Given the slippery slope that much of journalism finds itself swooshing these days, this next story might not strike you as any big deal.
But to those of us still in the game, it’s as clear an example as any of the price paid when the shortcuts start adding up.
This particular faux pas belongs to Maxim, the men’s magazine known mostly for building a 110-foot image of Eva Longoria in a swimsuit to celebrate its 100th issue and for once naming Sarah Jessica Parker as the World’s Unsexiest Woman.
(I mean, I’ve never fallen over for her, but World’s Unsexiest?)
Anyway, in February the magazine came under intense criticism for its unfavorable review of the Black Crowes’ new album “Warpaint.”
The reviewer gave the album only two-and-a-half out of five stars, lamenting that the album sounded, “boozy, competent and in slavish debt to the Stones, the Allmans, and the Faces.”
The firestorm started when the band’s manager pointed out that advance copies of the album weren’t made available, making it impossible for the reviewer to hear any more than just a track or two by the time the magazine hit the stands.

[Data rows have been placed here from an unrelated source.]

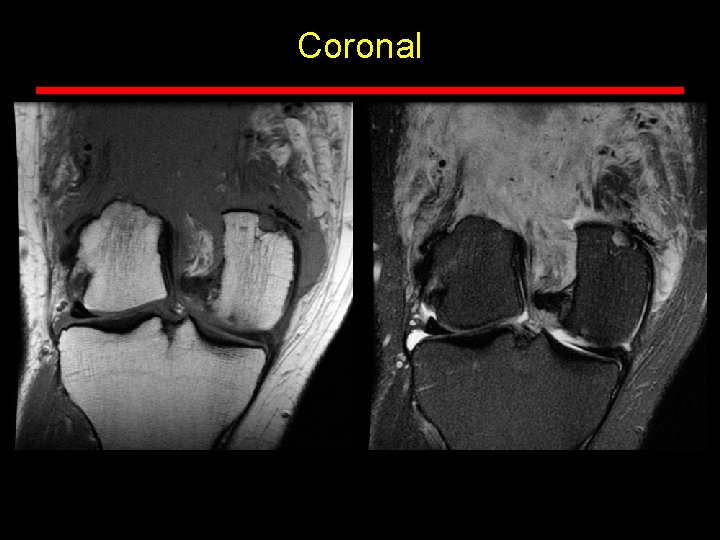 Coronal Coronal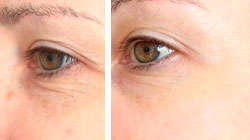 Results of removing wrinkles around the eyes with hyaluronic acid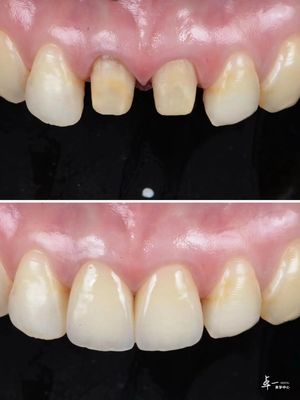 Le finiture sono realizzate con zirconia dentale resistente alle fratture e tecnologia a gradienti a più strati
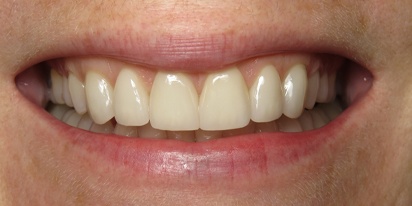 Closeup of perfected smile after treatment for gummy appearance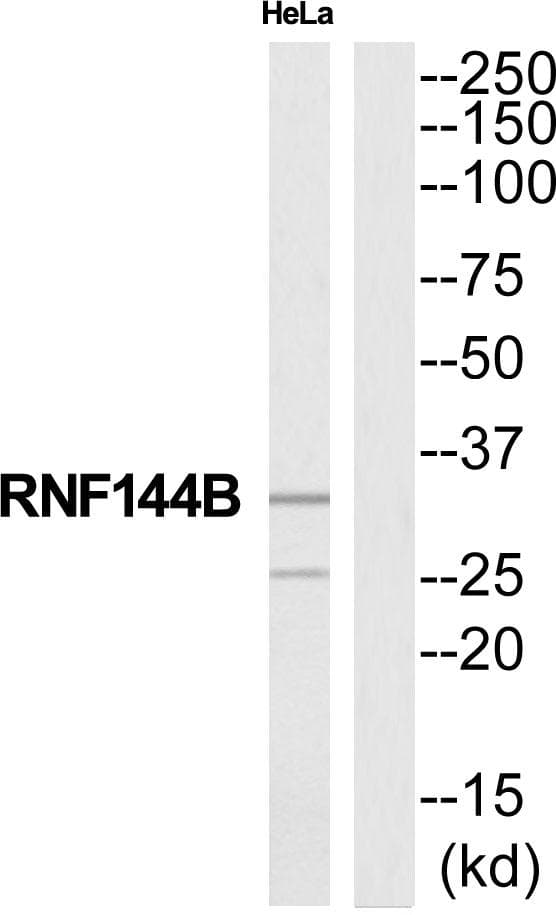Polyclonal Rabbit anti-Human RNF144B Antibody (WB)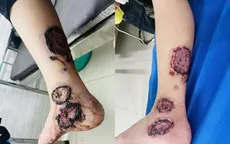 Ghép da tự thân - giải pháp hiệu quả trong điều trị bỏng và khuyết da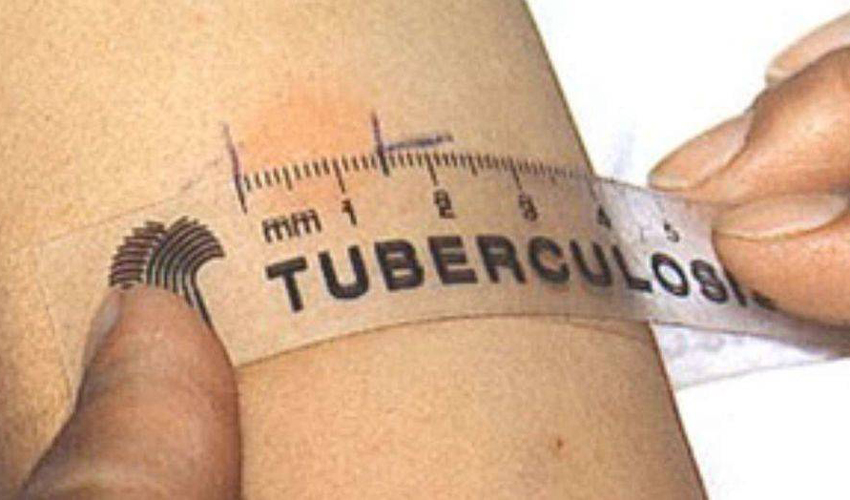 4.7 million lei will be allocated for tuberculosis prevention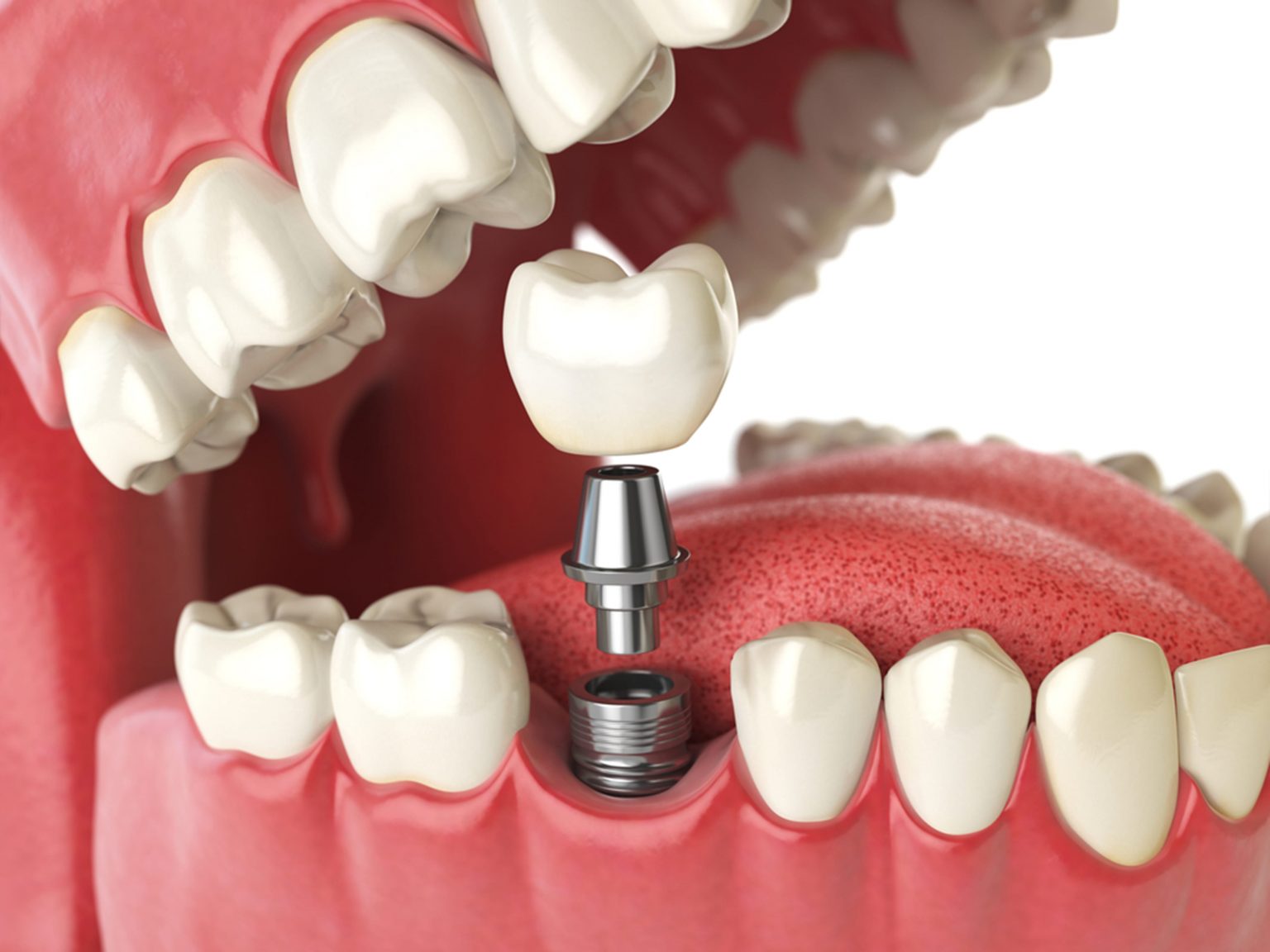 Dental Implants in Delhi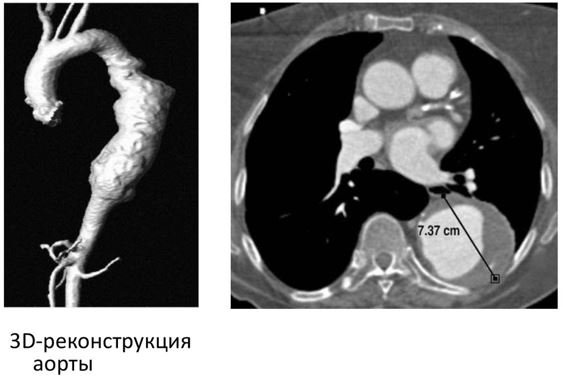 КТ-ангиография грудного отдела аорты - Сеть клиник АО Семейный доктор (Москва) - Фото 1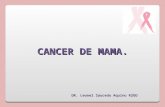 Cancer de mama 1ra parte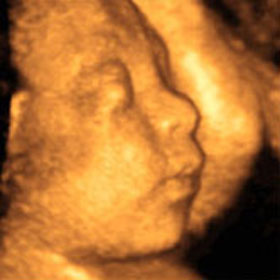 Эмбрион на 28 неделе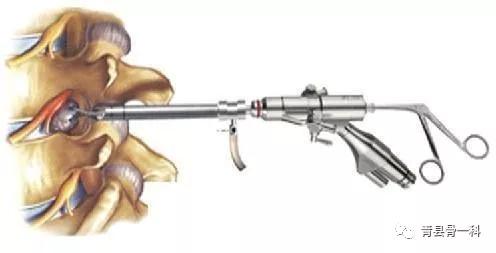 腰椎间盘突出腰腿疼怎么解决,腰椎4-5突出压迫右神经多久坏死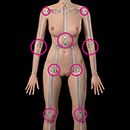 General Weakness Joint Tightness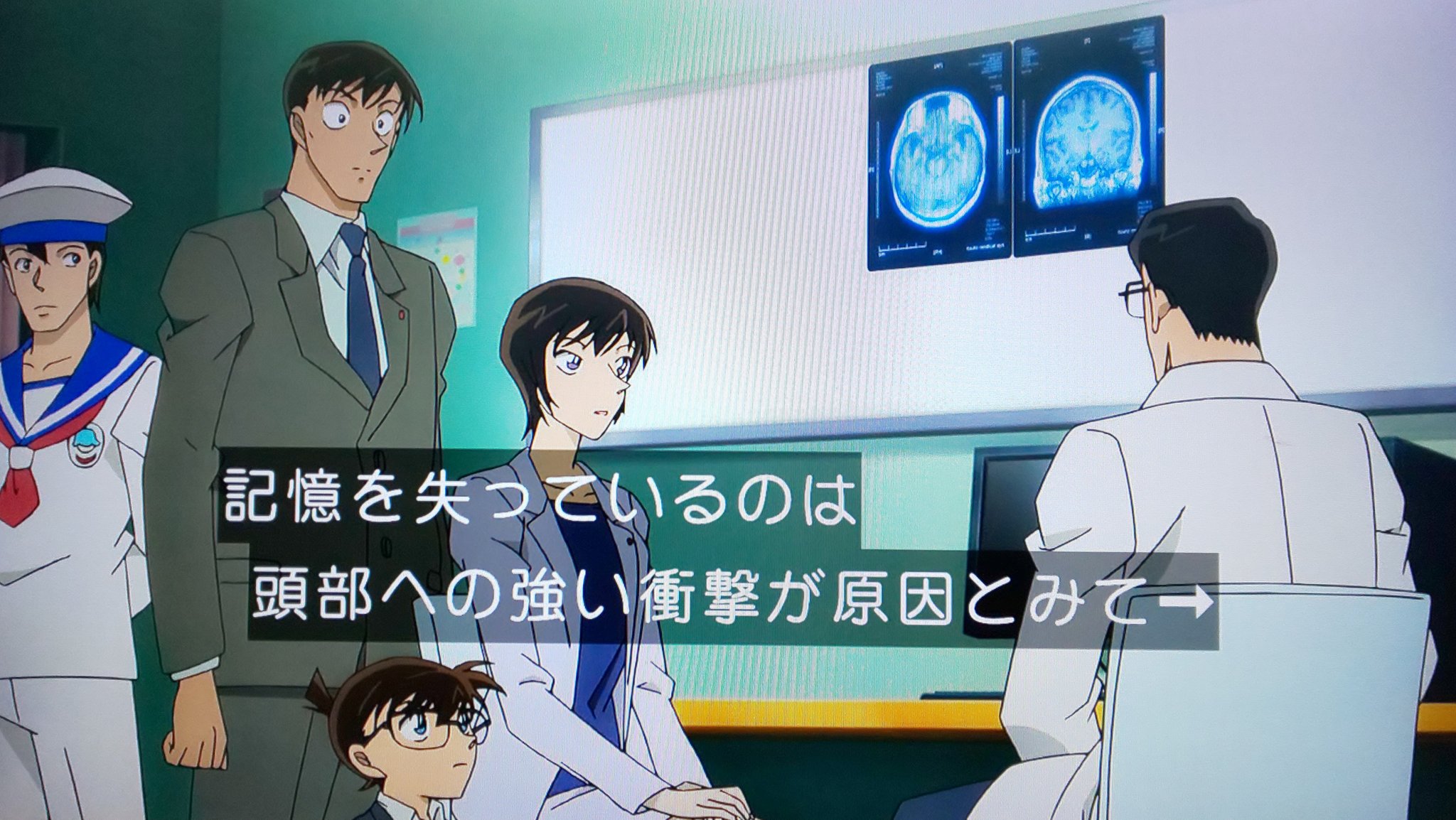 睦月 佐藤刑事が妊娠して高木刑事と一緒に 診断結果を聞いている様に見えなくもない かもしれない 金曜ロードショー 名探偵コナン 純黒の悪夢 T Co Ehqiuruqke Twitter 睦月 佐藤刑事が妊娠して高木刑事と一緒に 診断結果を聞いている様に見えなくもない かもしれない 金曜ロードショー 名探偵コナン 純黒の悪夢 T Co Ehqiuruqke Twitter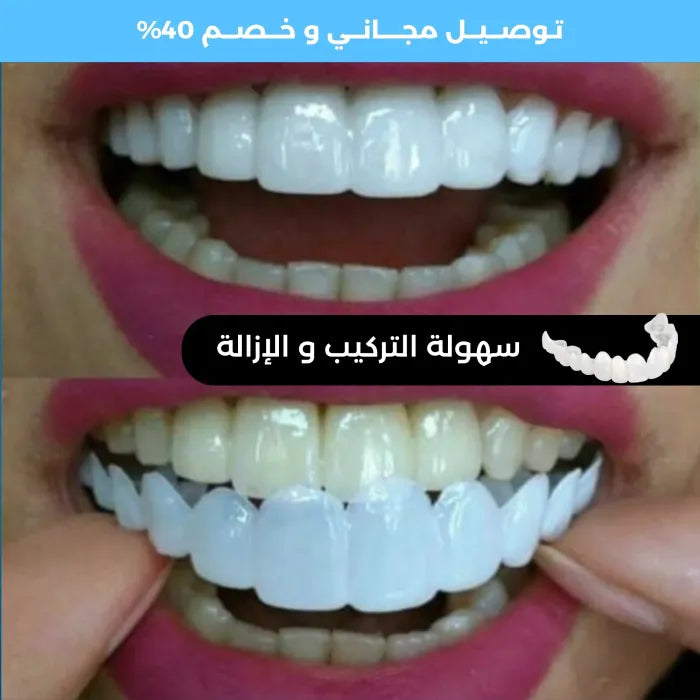 ابتسامة هوليود متحركة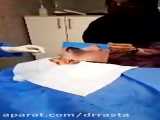 ویدیو نتیجه عمل بینی گوشتی توسط دکتر سعید شیرنگی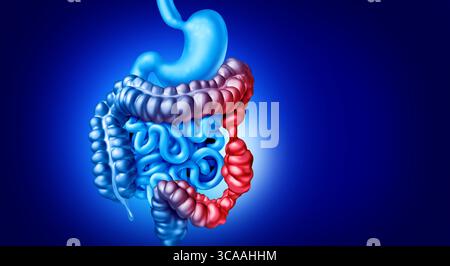 Sintomi IBS illustrazione medica e anatomica malattia digestiva e concetto di disturbo cronico come sindrome dell'intestino irritabile doloroso e dolore intestinale Foto Stock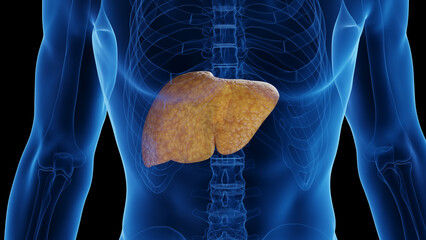 3D medical illustration of a man's fatty liver - 554402330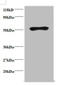 Immunoglobulin Heavy Constant Gamma 1 (G1m Marker) antibody, A57584-100, Epigentek, Western Blot image 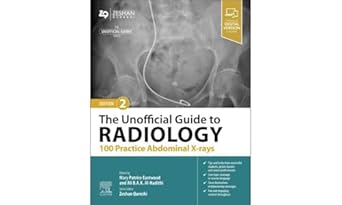 the unofficial guide to radiology 100 practice abdominal x rays 1st edition patrice eastwood ,ali b a k al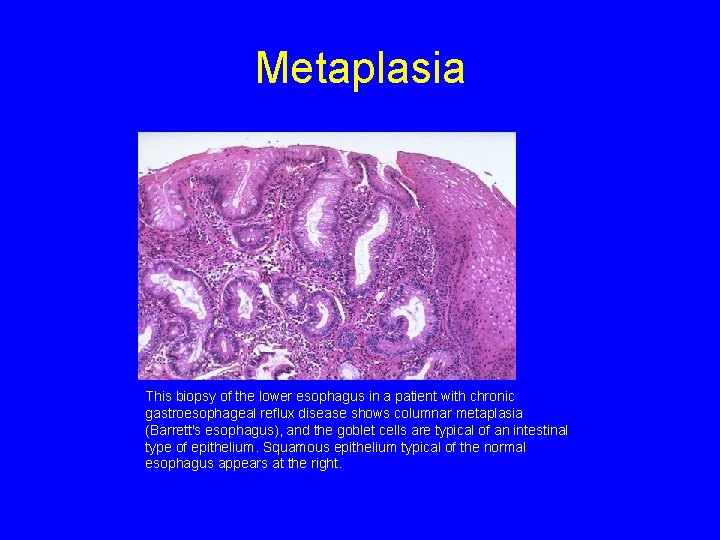 Metaplasia This biopsy of the lower esophagus in a patient with chronic gastroesophageal reflux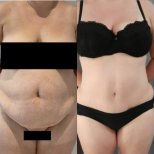 Before and after tummy tuck results – visible abdominal contour improvement after surgery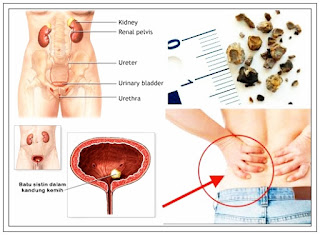 cara menghancurkan batu ginjal tanpa operasi,obat batu ginjal,obat kencing batu,cara mengeluarkan batu ginjal tanpa operasi,cara menghilangkan batu ginjal tanpa operasi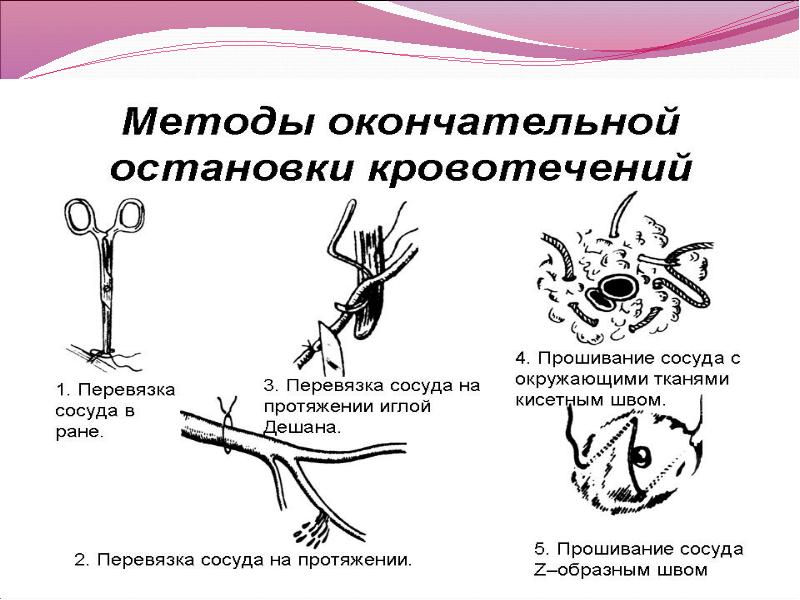 Методы остановки кровотечения презентация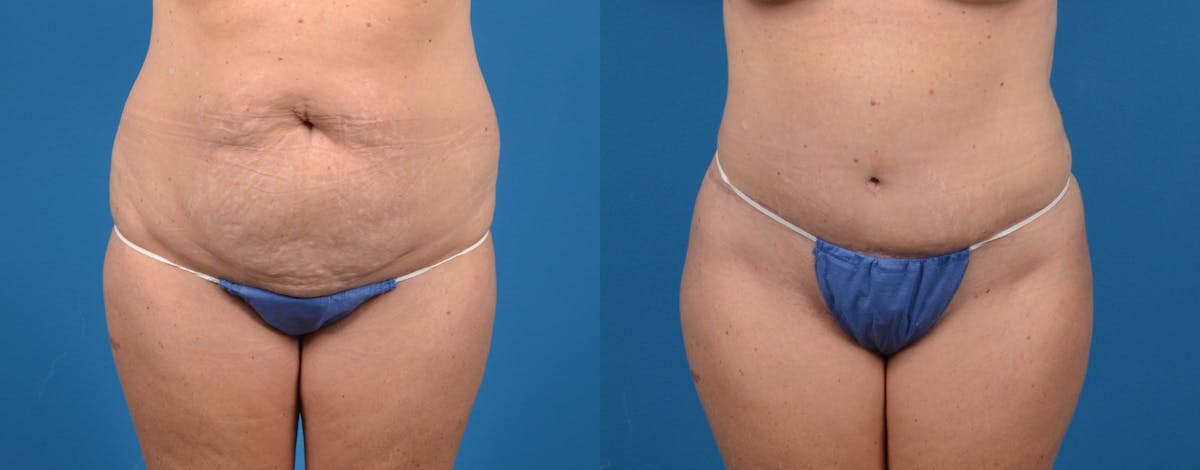 Tummy Tuck Before & After Gallery - Patient 181470 - Image 1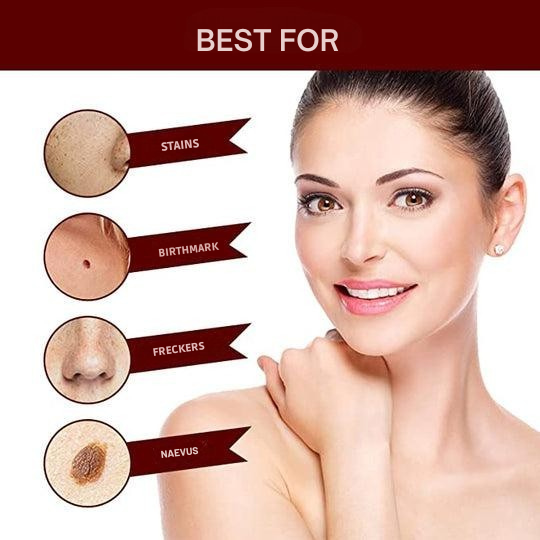 Wart Remover | Precision Applicator for Targeted Treatment | Plant-Based Care Formula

Maxim’s editorial director James Kaminsky told the Associated Press, and I’m paraphrasing here, “Whoops!”
He apologized for what happened but pointed out that the piece was supposed to be a “preview” and not a “review.”
The Crowes’ manager called that “self-serving damage control.”
Ah, what’s in a name?
We live in a world where things are expected from us yesterday, a time where it’s more important to be first than to be right.
This is the latest in dozens of cautionary tales of the cost when effort exceeds ethics, and the thin line that exists between doing “more with less” and accepting “less with less.”
I don’t know if “Warpaint” is any good or not.
But I’ll listen to it, all of it, before I decide.